Я? Где только не шатаюсь? Куда только не сую нос? Да нет же, нет! Спаси меня, мамочка, спаси, кричала моя душа. Но матушка только вздыхала и кивала, будто в знак согласия: чему быть, того не миновать, каким бы страшным оно ни было.
– Пойдемте-ка, – позвал отец.
И мы пошли – как на заклание.
Вышли из дома, прошли через ворота, вошли в зоопарк. Было еще рано, и зоопарк для посетителей пока не открыли. Смотрители и уборщики занимались своими делами. Я заметил Ситарама, моего любимого смотрителя, приставленного к орангутанам. Оторвавшись от своих занятий, он проводил нас взглядом. Мы прошли мимо птиц, медведей, больших и маленьких обезьян, копытных, мимо террариума, носорогов, слонов, жирафов.

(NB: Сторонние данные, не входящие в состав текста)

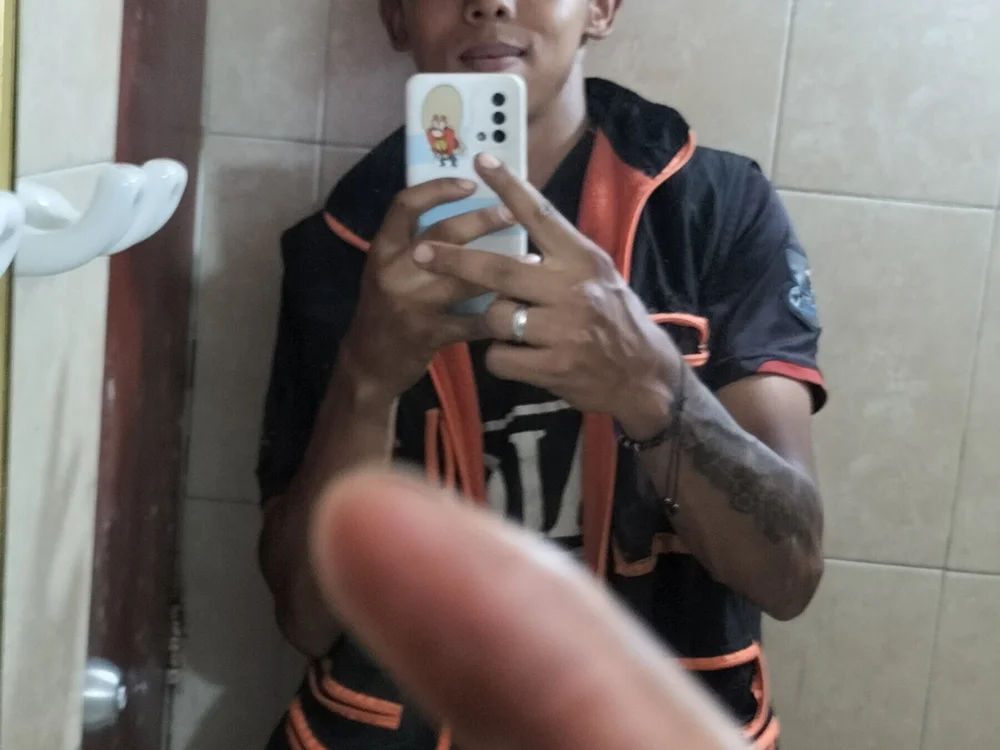 miauuu08 offline chatrum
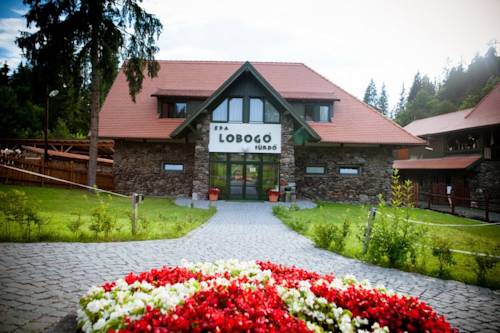Baile Homorod Romania Last Minute Discount Code Booking.com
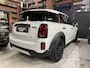 MINI Countryman 1.5 Cooper S E ALL4 *Pano | Leder | Stuur- & stoelverwarming | Clima | Cruise | LED | Navi | Carplay | Sfeerverl. | Keyless | Sensoren*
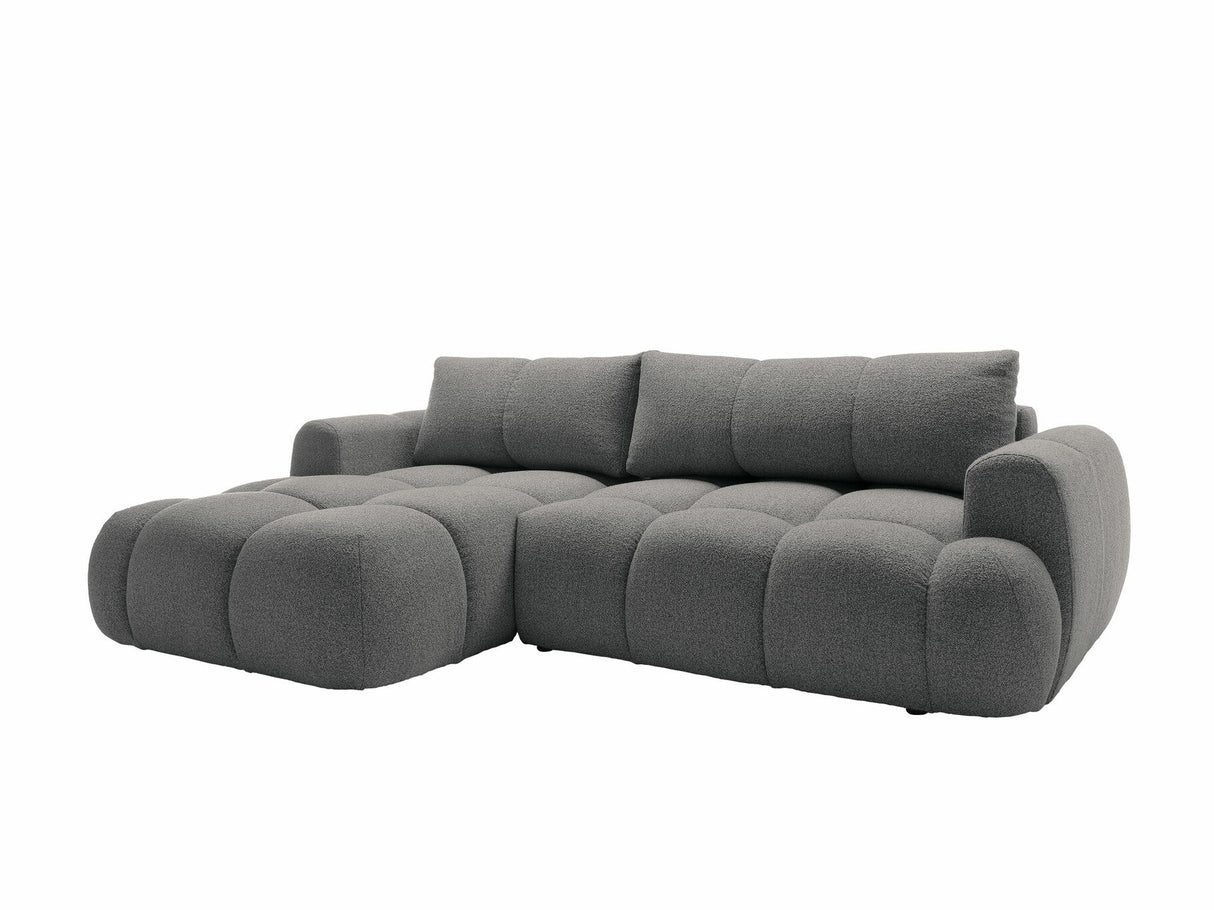 Sofá rinconero 572024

Подошли к большим кошкам – тиграм, львам и леопардам. Бабу, смотревший за ними, уже ждал. Мы прошли по дорожке чуть дальше, и он открыл дверь в кошачий вольер, помещавшийся на островке, окруженном рвом. Мы вошли. Это была большая мрачная бетонная пещера, круглая, теплая и сырая, насквозь пропахшая кошачьей мочой. Там всюду стояли огромные клетки, отгороженные толстыми зелеными железными решетками. Сквозь застекленные крыши внутрь проникал желтоватый свет. А через решетчатые двери виднелся залитый солнцем зеленый островок. Клетки были закрыты – кроме одной: там держали только Махишу, нашего бенгальского тигра-ветерана, громадного, неуклюжего зверя весом 550 фунтов. Но не успели мы войти, как тот метнулся к решетке, прижал уши, уставился своими круглыми глазищами на Бабу и зарычал. Да так, что содрогнулся весь кошачий вольер. А у меня затряслись поджилки. Я прильнул к матушке. Она тоже вся дрожала. Отец и тот, кажется, дрогнул, хотя виду не подал. Только Бабу не испугался ни рыка, ни жесткого взгляда, которым зверь буравил его, точно сверлом. Он рассчитывал на прочность железных прутьев. Махиша заметался по клетке – взад-вперед.
Отец повернулся к нам.
– Что это за зверь? – крикнул он, заглушив рык Махиши.
– Тигр, – в один голос ответили мы с Рави, безропотно согласившись с очевидным.
– Тигры опасны?
– Да, папа, опасны.
– Тигры очень опасны, – выкрикнул отец. – Хочу, чтоб вы знали; никогда, ни в коем случае не трогайте тигра, не играйте с ним, не суйте руки в клетку, даже близко к ней не подходите. Понятно? Рави?
Рави живо кивнул.
– Писин?
Я кивнул еще живее. Отец не сводил с меня глаз.
Я кивнул, да так сильно, что у меня чуть не оторвалась голова и не упала на пол.
Должен сказать в свое оправдание, что, хотя порой я и впрямь рядил зверей в людей и они даже бойко болтали у меня по-английски: фазаны с чопорным британским акцентом жаловались, что им-де подали холодный чай, а павианы, замыслив ограбить банк, грозно рявкали, точно заправские американские гангстеры, – это были фантазии, и только. В мыслях я совершенно спокойно обряжал диких зверей в домашние халаты, но при этом всегда помнил, какова она, истинная натура моих партнеров по играм. Уж на это у меня ума хватало. Просто в толк не возьму, с чего это вдруг отцу взбрело в голову, что его младший сынуля спит и видит, как бы поскорее забраться в клетку к какому-нибудь хищнику. Но, откуда бы ни взялась эта странная тревога – а отец тревожился по всякому поводу, – в то утро он определенно решил покончить со своими страхами раз и навсегда.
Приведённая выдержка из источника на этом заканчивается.